Background

Clinical laboratories frequently receive orders to perform additional tests on existing specimens (‘add-ons’). Melanson et al. in 2004 was the first published report analyzing the operational impact of add-on testing, demonstrating patterns of misutilization (e.g., failure to follow laboratory testing algorithms in institutional chest pain protocols) in a significant fraction of add-on orders [1]. A follow-up study in 2006 compared add-on testing between two academic hospitals, showing similarities in add-on ordering patterns and proposing strategies to improve the process [2]. There have been several other studies on add-on test ordering, each analyzing less than one month of add-on orders [35].

In this study at an academic medical center, we retrospectively analyzed add-on testing data over a five and a half year period (May 2009- Dec 2014). This allowed for the analysis of add-on ordering trends over a much longer period of time than in previous studies. Also, during this time period, the core clinical laboratory of the institution introduced a robotic archival specimen retrieval system that changed the add-on testing procedure. We analyzed the impact of this unit on add-on testing procedure and manual workload.

Methods

Institutional setting

The study was approved by the University of Iowa Institutional Review Board as a retrospective study covering the time period from May 2, 2009- December 31, 2014. In this large retrospective study, there was waiver of informed consent and authorization approved by the Institutional Review Board for all subjects. The institution in this study is the University of Iowa Hospitals and Clinics (UIHC), a 730 bed academic medical center that includes an emergency department (ED) with level one trauma capability, adult and pediatric inpatient floors, and multiple intensive care units (ICUs; neonatal, pediatric, medical, cardiovascular, and neurologic/surgical). Outpatient services are located at the main medical campus in Iowa City, IA, as well as at a multispecialty outpatient facility located three miles away. Smaller primary care clinics are located throughout the local region. A core clinical laboratory within the Department of Pathology provides clinical chemistry and hematopathology testing. Two critical care laboratories (one located near the main operating rooms and another embedded within the neonatal ICU) perform blood gas and activated clotting time testing. There are also separate clinical laboratories for anatomic pathology, blood center, and microbiology/molecular pathology located within the main medical campus.

Hospital and laboratory informatics

The electronic health record (EHR) for UIHC was Epic (Epic Systems, Inc, Madison, WI). Computerized provider order entry (CPOE) is available in Epic to licensed independent providers. Add-on orders can be placed within the EHR by CPOE or by calling the laboratory. Throughout the period of retrospective study, providers were directed, when feasible, to place orders within the EHR and limit the number of verbal orders requiring laboratory-initiated testing orders. In general, chemistry and hematology tests are all orderable individually. However, there are some panels built in Epic: basic metabolic panel with total calcium (BMP; sodium, chloride, carbon dioxide, potassium, blood urea nitrogen, creatinine, glucose, total calcium), electrolyte panel (sodium, chloride, carbon dioxide, potassium), complete blood count (CBC; white blood cell count, hemoglobin, hematocrit, red blood cell count, platelet count), and lipid panel (total cholesterol, high-density lipoprotein, triglycerides, calculated low-density lipoprotein). For the purposes of analysis in this manuscript, panels were broken apart into individual tests except where described otherwise. Categories of testing were also defined (Table 1) to provide better comparison to other published studies on add-on testing [1, 2, 5].

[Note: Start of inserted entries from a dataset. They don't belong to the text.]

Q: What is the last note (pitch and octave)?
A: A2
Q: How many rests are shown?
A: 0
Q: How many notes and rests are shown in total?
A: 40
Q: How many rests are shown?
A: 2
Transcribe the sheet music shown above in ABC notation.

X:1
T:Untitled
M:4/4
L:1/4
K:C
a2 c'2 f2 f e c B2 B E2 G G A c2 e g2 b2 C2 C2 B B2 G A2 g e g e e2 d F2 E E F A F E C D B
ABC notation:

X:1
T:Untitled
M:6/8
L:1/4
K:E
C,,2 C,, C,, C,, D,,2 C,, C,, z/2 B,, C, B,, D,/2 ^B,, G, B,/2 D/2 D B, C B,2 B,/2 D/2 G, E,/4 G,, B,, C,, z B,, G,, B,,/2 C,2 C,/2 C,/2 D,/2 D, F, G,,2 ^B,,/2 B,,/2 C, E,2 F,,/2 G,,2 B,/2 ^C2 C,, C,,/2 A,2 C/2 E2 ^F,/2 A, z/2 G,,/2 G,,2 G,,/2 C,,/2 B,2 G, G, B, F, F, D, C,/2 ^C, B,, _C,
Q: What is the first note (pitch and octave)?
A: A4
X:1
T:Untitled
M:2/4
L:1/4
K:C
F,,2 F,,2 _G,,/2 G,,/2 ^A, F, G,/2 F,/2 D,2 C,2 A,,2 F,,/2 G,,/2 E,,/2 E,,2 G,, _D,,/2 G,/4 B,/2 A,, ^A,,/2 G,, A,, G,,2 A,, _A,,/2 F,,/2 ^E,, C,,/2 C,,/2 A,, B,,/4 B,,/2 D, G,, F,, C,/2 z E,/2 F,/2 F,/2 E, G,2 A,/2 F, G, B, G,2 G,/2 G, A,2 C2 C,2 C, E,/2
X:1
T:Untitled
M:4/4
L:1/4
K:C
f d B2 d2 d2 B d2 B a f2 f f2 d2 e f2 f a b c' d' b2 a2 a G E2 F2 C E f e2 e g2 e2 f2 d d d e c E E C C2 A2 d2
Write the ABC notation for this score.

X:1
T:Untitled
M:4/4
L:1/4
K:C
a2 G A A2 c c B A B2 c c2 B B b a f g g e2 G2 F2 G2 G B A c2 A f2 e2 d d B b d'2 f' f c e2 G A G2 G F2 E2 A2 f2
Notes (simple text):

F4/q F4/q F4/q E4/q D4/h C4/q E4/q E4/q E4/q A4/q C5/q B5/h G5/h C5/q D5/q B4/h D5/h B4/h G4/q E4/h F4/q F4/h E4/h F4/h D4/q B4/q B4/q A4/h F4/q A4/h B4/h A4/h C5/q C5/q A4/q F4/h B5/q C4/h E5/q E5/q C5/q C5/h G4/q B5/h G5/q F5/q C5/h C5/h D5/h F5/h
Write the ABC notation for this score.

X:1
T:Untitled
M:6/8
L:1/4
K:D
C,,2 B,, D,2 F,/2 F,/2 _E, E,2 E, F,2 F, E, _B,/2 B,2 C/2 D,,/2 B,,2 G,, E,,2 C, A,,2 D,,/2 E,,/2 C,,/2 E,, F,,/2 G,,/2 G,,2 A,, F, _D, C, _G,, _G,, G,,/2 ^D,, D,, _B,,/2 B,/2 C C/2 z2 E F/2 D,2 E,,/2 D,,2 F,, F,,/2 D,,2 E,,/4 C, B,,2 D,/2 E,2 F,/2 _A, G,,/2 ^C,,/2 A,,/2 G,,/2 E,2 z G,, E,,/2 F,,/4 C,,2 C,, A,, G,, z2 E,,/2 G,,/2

Table 1 Abbreviations for assay categories

The laboratory information system (LIS) for all UIHC pathology laboratories until August 2, 2014 was Cerner (Kansas City, MO, USA) “Classic”, currently version 015. On August 2, 2014, the clinical pathology laboratories switched to Epic Beaker as the LIS, retaining Cerner as the LIS for anatomic pathology, blood center, and some parts of hematopathology and molecular pathology. The switch to Epic Beaker allowed for accurate capture of the timing of add-on orders relative to when the original specimen was received in the laboratory. During this nearly 5 month period (August 2 to December 31, 2014), there were 56,389 add-on orders with complete time data.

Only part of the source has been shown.